Three barriers to investing in HR tech
No matter where you operate, the sector you operate in, or the size of the business you work for, I believe the last five years have created a ‘once-in-a-generation’ change to the HR leadership role.
Whether it’s adapting to remote work, navigating geographic expansion, or tackling efficiency in an inflationary market, these changes will be felt for many years to come.
As HR leaders recognise the need to maximise productivity, efficiency and employee satisfaction in the current economic climate, many businesses have turned to HR technology.
Gartner research shows global spend on HR administration increased from $155 per employee in 2021 to $194 per employee in 2022, with technology ranked as the leading HR investment priority for the second year in a row in 2023.
Recently, HR tech firm Atlas published 2023 Global HR Study following the launch of its Annual Employer of Record Report, revealing insights from over 500 HR leaders across five markets, the US, UK, Australia, Singapore and UAE.
We can exclusively reveal that 9 in 10 of companies, with a value of $189 billion in global turnover, are looking to increase their investment in HR tech over the next 12 months.
When considering the resources and time saved combined with the data-driven insight to boost efficiency and retain and attract talent that HR technology can deliver, it’s little wonder so many businesses have earmarked greater expenditure in this area.
However, these benefits will not be felt by all – and there are three main barriers to investment, namely: A lack of understanding about what it can deliver; inability to customising the technology to a company’s needs; and costs.
Integrating new technology is usually mentioned as a significant hurdle to further investment in HR tech. This friction with integration is often due to many organisations having a patchwork of existing HR systems, each serving a specific function.
Many leaders want to ensure that if they were to introduce new technology, it would be the right fit for the business, and its implementation would be seamless.
Our survey found that over half of the companies interviewed (58%) cited having trouble finding the right technology to fit their existing infrastructure. It is often the case that new technology can disrupt legacy systems and would require immense technical expertise and meticulous planning to ensure efficiencies in data and workflow.
This integration process demands time, effort and resources, which not all companies are willing to expend at a certain time. However, overcoming these integration challenges is crucial, as it is the key to unlocking the benefits of streamlined HR processes and improved employee experiences.
Lack of HR tech knowlege
The lack of understanding and awareness about HR technology is a significant barrier to its adoption within organisations. Some businesses may not fully grasp the transformative potential of HR tech solutions or have misconceptions about its complexity or relevance to the company’s specific needs.
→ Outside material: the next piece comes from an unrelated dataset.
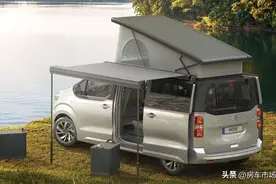 逃离城市生活！雪铁龙升顶露营车，两个大床，拉货载人各不耽误图片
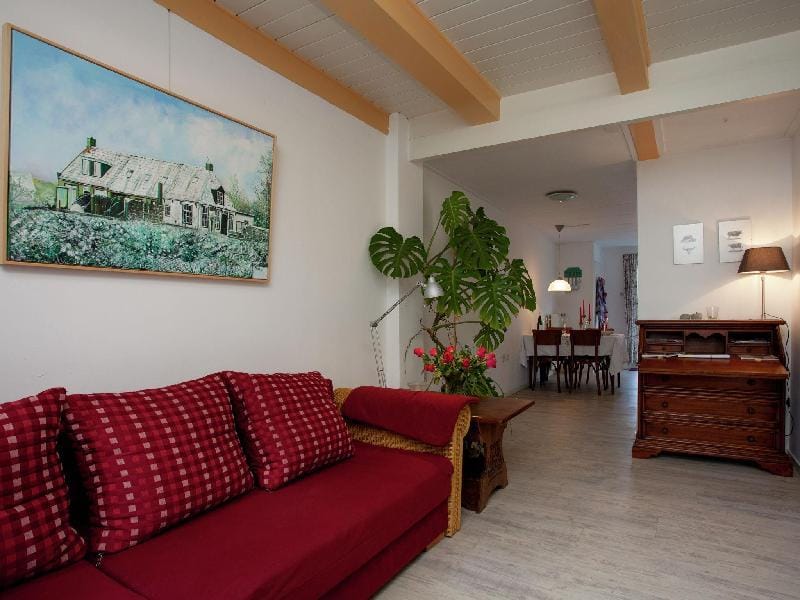 Cottage in Nes-Ameland near Coastline Vacation rental in Nes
Furthermore, with the various service providers and products available on the market, organisations may become ‘choice hesitant’ as they are unsure which system will suit them best. This is made more strenuous because HR technology is an evolving field, and companies want to ensure that the technology they invest in can stay a head of the latest updates and meet these new challenges.
Elsewhere, the ability to customise HR technology to companies’ needs is a cause of concern for some businesses. The Atlas Study reports that over half of companies in Singapore (69%) struggled with customising HR technology to their needs.
The fear of navigating unfamiliar technology can lead to resistance, but to overcome this, organisations should prioritise training for key stakeholders to demonstrate how the technology will help drive forward the business objectives.
Cost of change
Cost is another significant obstacle to HR technology investment. Chris Cavanagh, a general partner at Guidepost Growth Equity, has noted that business priorities have shifted from growth at all costs to “cost management,” which may allude to why businesses are conscious about budget for investment.
The Atlas Study highlights that UK companies (58%) have identified cost as their main aversion to investing in HR technology. Despite HR technology’s multiple benefits to an organisation’s operations, the initial investment or spending can be quite substantial.
In addition to the upfront costs, ongoing expenses for software licenses and updates can add to the financial undertaking. Small and medium-sized businesses, in particular, may find the budget allocation for implementing and maintaining these systems difficult.
While the opportunities for implementing HR technology are seemingly boundless, some companies may feel justified in withholding their investment. I believe, as with any moment of change, those who reap the benefits in 2024, will be those investing for the future in 2023.